We get the data with `fastai.vision.ImageList.from_folder(path)`, split into train and test with `random_split_by_pct()`, get labels with `label_from_folder()`, transform (resize) our data with `transform(size=224)` and get our data into the proper format with `databunch()`.
<br></br>

---

<br> 
With PyTorch, we need a few things. We could make our own dataset if we want, but thats a bit complicated. Instead, we can use some datasets provbided by pytorch for us for now. We're going to use CIFAR10 for now, which we'll look into soon. 

We also need to tell it what transforms to do. Here we're just going to do a random flip and a random rotation.

Finally, we're going to tell the dataset how many images to pass at once to the model (This is called the batch size). This is a bit more abstract but can change how the model performs (feel free to try change this number to see what effects it has).
</br>

In [None]:
transforms = [
    T.RandomRotation(30),
    T.RandomHorizontalFlip()
]

dataset = "CIFAR10"

train_dataset, test_dataset, train_loader, test_loader = create_dataset(
    dataset = dataset, transforms = transforms, batch_size = 32)

## Dataset exploration

Here, we visualize the data and some of it's properties to get a better idea of what our dataset consists of. 

Its also good to do this as it can help you ensure all your dataset code and transforms have worked correctly.

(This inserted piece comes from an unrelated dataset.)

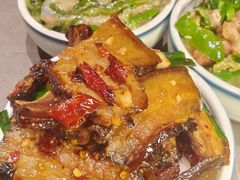 -贺庄·活鱼馆(珠吉路店)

This shows what the 10 classes are:

In [None]:
train_dataset.classes

Here we visualize a sample of the images that make up the dataset:

In [None]:
inputs, labels = next(iter(train_loader))

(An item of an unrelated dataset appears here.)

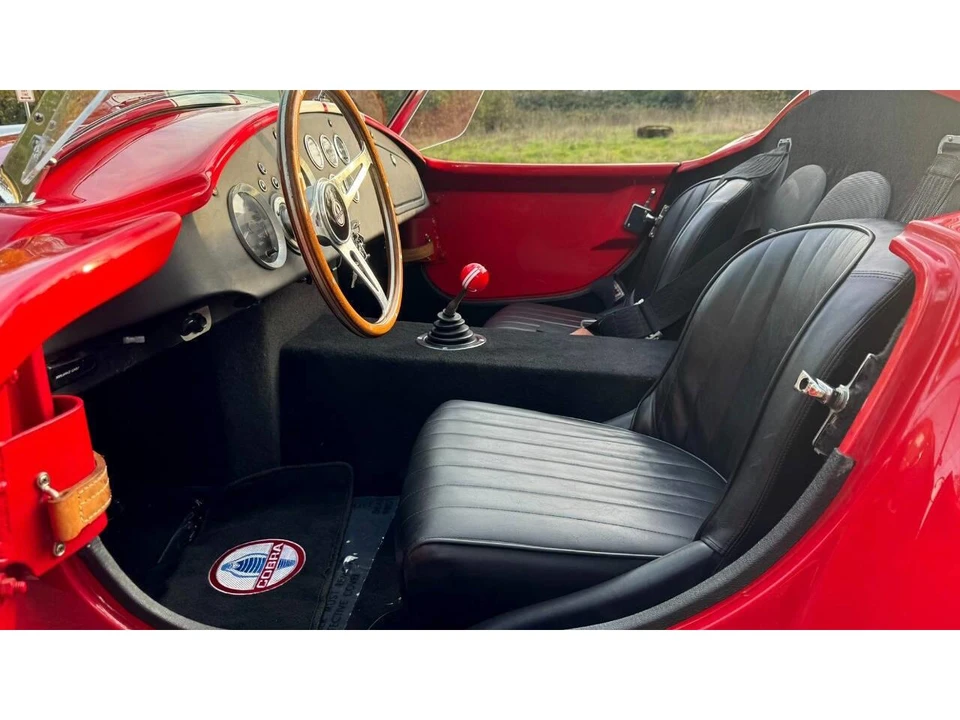 1965 Ford Mustang - Image 9 of 31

# Fix image scaling (ask demos if you want the details)
inv_norm = T.Normalize(
    mean=[-0.485/0.229, -0.456/0.224, -0.406/0.225],
    std=[1/0.229, 1/0.224, 1/0.255])
inputs = inv_norm(inputs)

for im, label in zip(inputs, labels):
    plt.imshow(im.permute(1, 2, 0))
    plt.title(train_dataset.classes[label])
    plt.show()

Notice that the images are really blurry. This is because CIFAR10 is meant to be a dataset of small images. You should still be able to make out what each of the images are though, but hopefully this puts into context where the model could make mistakes.

Also, you can see that some of the images are also rotated from the transform we applied.

# Model functions
(Open up to see what the model function contains)

## create_model()

Here we do 2 main things. The first is this step where we set `param.requires_grad = True` for all the parameters in the model. What this is doing is telling the model to update ALL the weights (parameters = weights) in the model. We might only want to update some of the weights in the model, in which case we could tell the model to only update the weights we want.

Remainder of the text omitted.